Mr. Lawrence McCartney
7035 Temperance Point Street
Westerville, Ohio 43082

Dear Larry:

This letter is to confirm our agreement concerning the implementation of the
succession plan we have jointly developed to replace you as Senior Vice
President, Information Systems and to set forth our understanding regarding the
terms of your continued employment with The Scotts Company ("the Company").

You have been working for the Company pursuant to a letter agreement dated April
10, 1996. This Agreement specifically supercedes that 1996 letter agreement, as
well as any other prior agreements, whether oral or written.

As we have discussed, the Company's succession plan envisions your retirement by
November, 1999. The Company values your continued services and would like you to
stay through that date to ensure an orderly transition. However, you had
apparently not planned to retire until approximately May, 2002. Accordingly, to
meet both your and the Company's objectives, we have agreed upon the following
terms:

o    While employed by the Company, you will continue to hold your position as
     Senior Vice President, Information Technology and shall be considered to be
     an "executive officer" for purposes of attending executive team meetings,
     setting policy, etc.
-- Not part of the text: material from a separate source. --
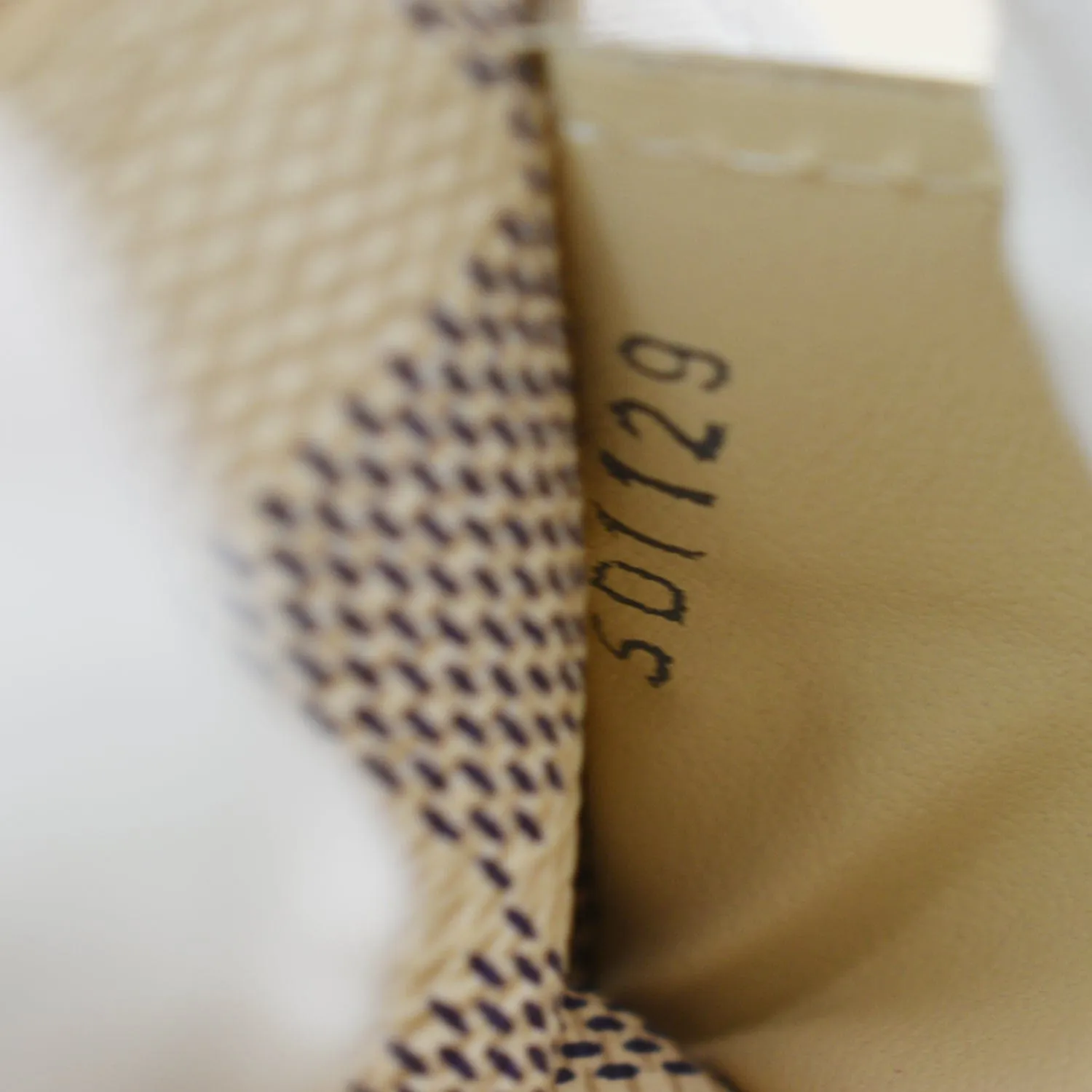 LOUIS VUITTON Damier Azur Sarah Wallet White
You shall earn an annual salary of not less than
     $176,000.

o    While employed by the company, you will be the highest ranking Information
     Systems Technology officer. Certain administrative or other functions
     outside of Information Technology which have previously been under your
     control may be assigned to others, but you shall be consulted first.

o    You will receive all Company benefits customarily provided to employees at
     your level, which presently include a car allowance, AYCO Financial
     Services and participation in the Company's Excess Benefit Plan.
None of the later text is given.